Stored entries
• • •

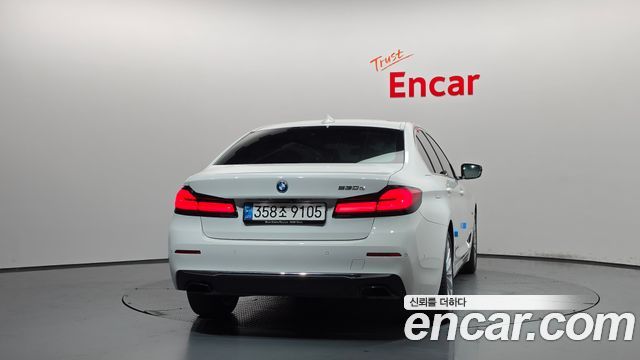 BMW 5-Series 2022 — photo 4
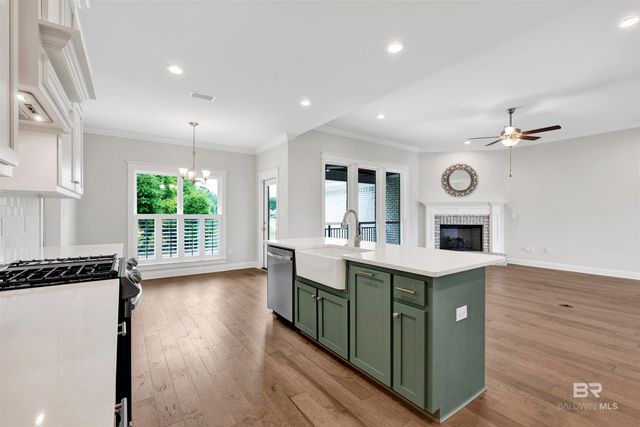 605 Sharpsburg Avenue, Fairhope, AL 36532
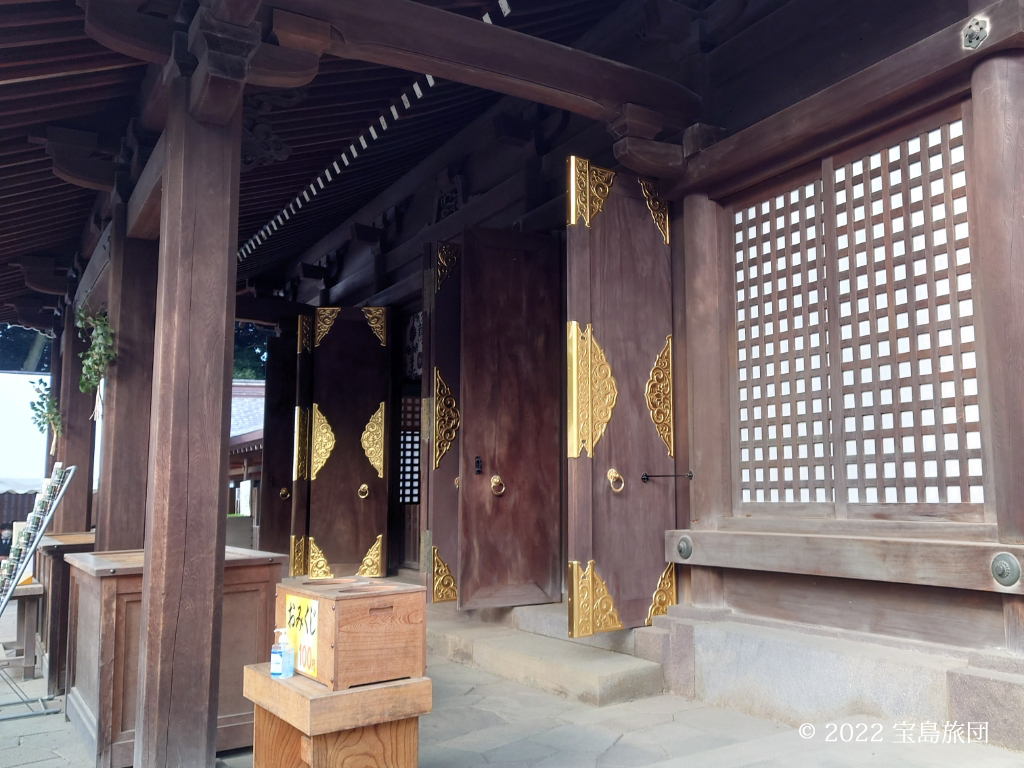 氷川神社本殿の横からの写真です。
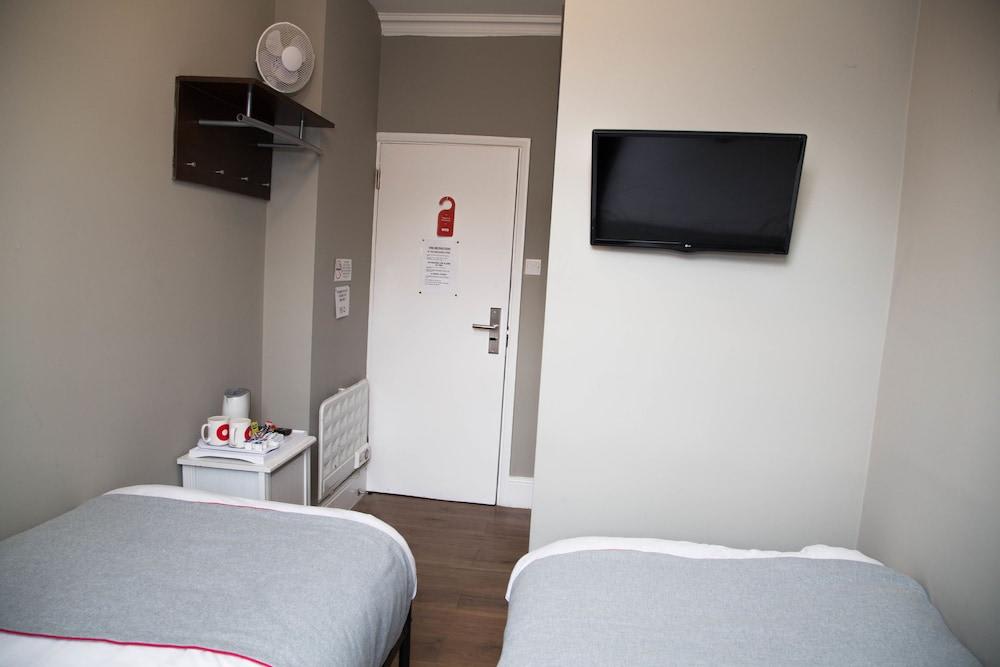 OYO Belgravia Rooms 2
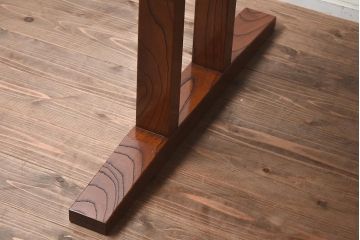 在庫未使用品　IDC大塚家具　藤沢木工　DT-1　総欅(ケヤキ)材　漆塗り　ダイニングテーブル(定価約140万円)(R-041830)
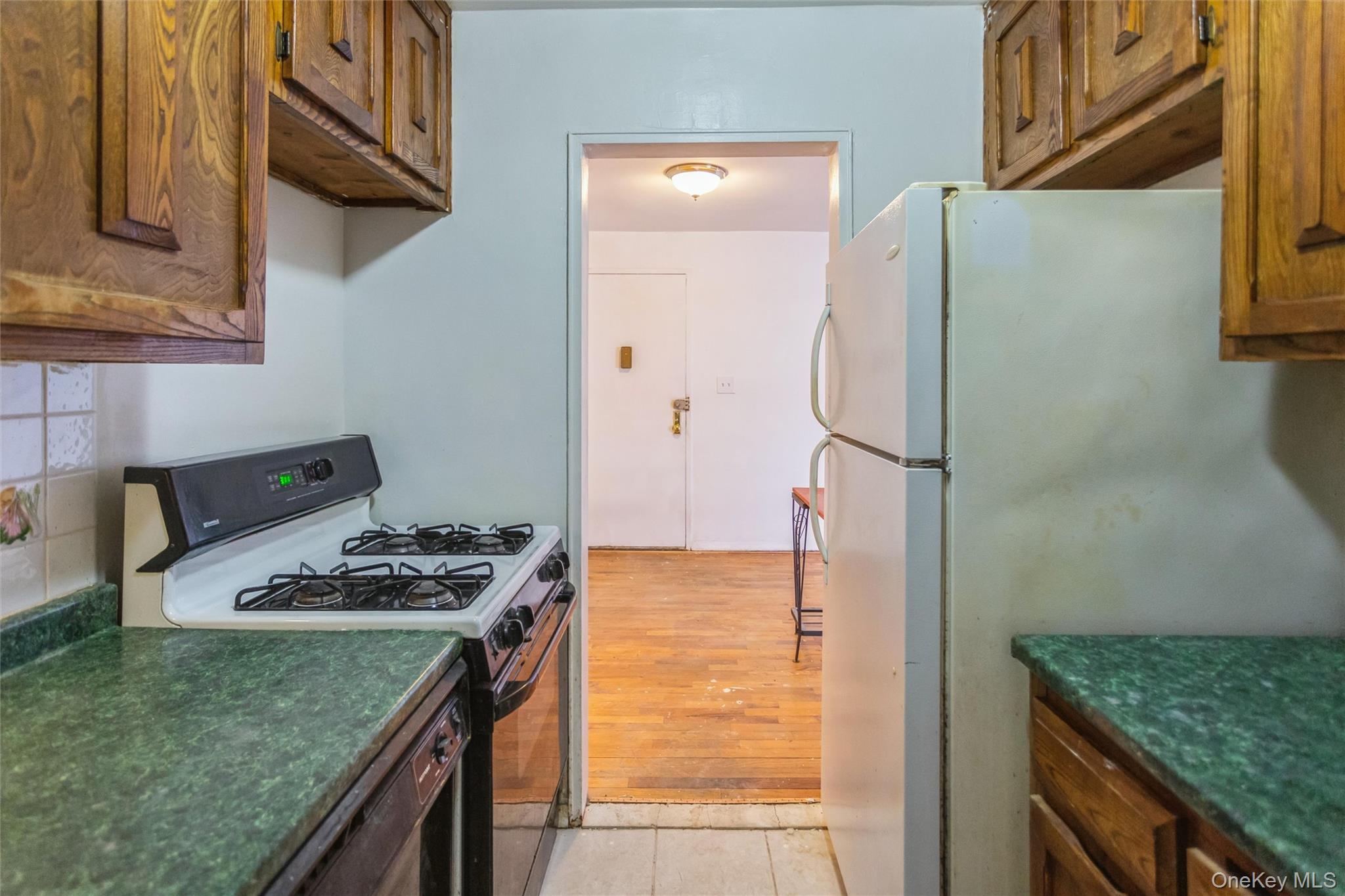 600 Shore Road, Unit 3S Long Beach, NY 11561 - Photo 31 of 36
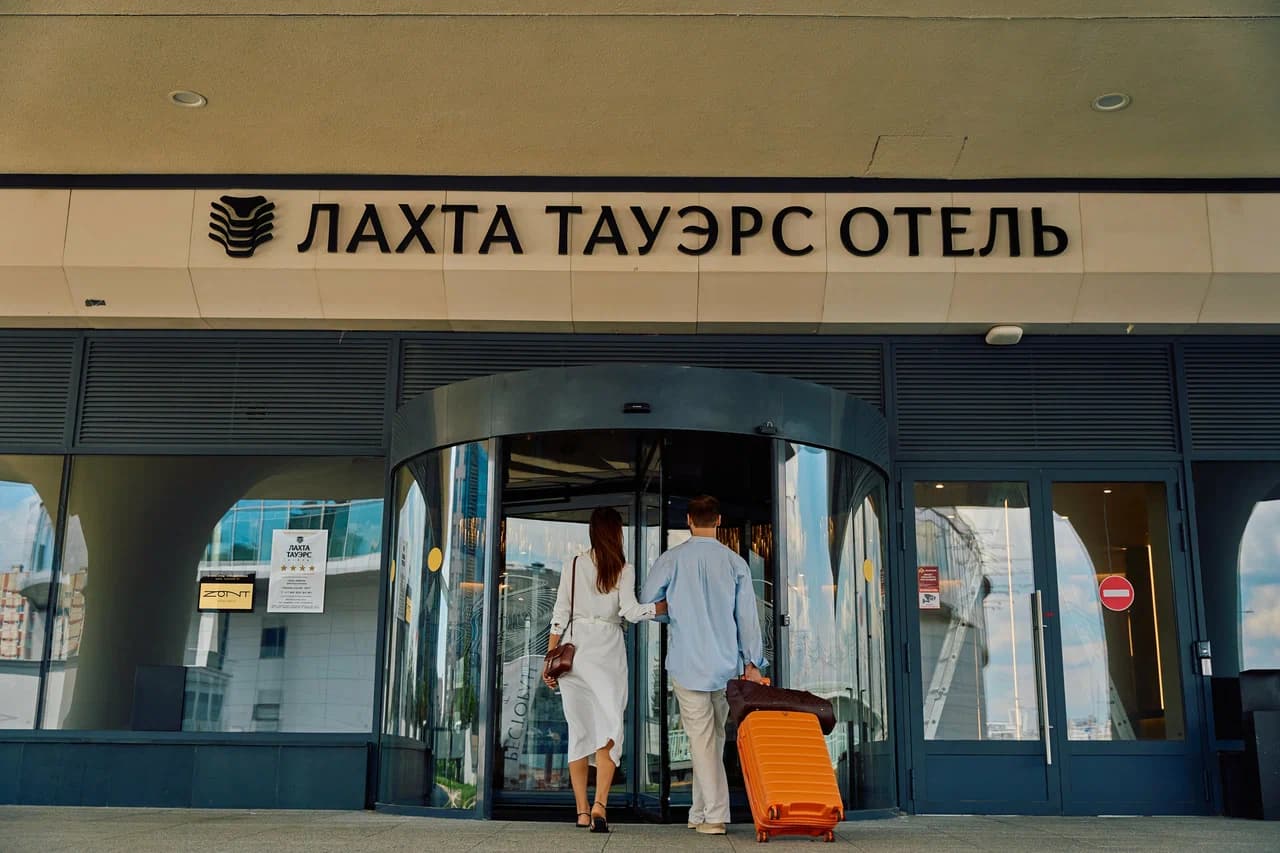 Вход в отель Лахта Тауэрс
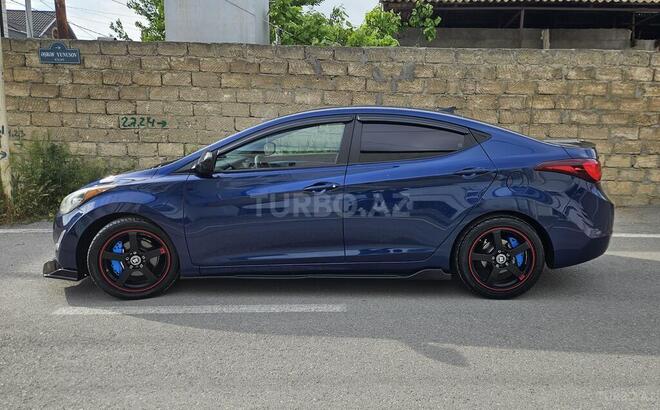 Hyundai Elantra 2015, 111,330 km - 1.8 l - Bakı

• • •

■ **BRIEF**
In the copy, include no pictures; otherwise transcribe the entries exactly.

■ **FINAL ANSWER**
 BMW 5-Series 2022 — photo 4
 605 Sharpsburg Avenue, Fairhope, AL 36532
 氷川神社本殿の横からの写真です。
 OYO Belgravia Rooms 2
 在庫未使用品　IDC大塚家具　藤沢木工　DT-1　総欅(ケヤキ)材　漆塗り　ダイニングテーブル(定価約140万円)(R-041830)
 600 Shore Road, Unit 3S Long Beach, NY 11561 - Photo 31 of 36
 Вход в отель Лахта Тауэрс
 Hyundai Elantra 2015, 111,330 km - 1.8 l - Bakı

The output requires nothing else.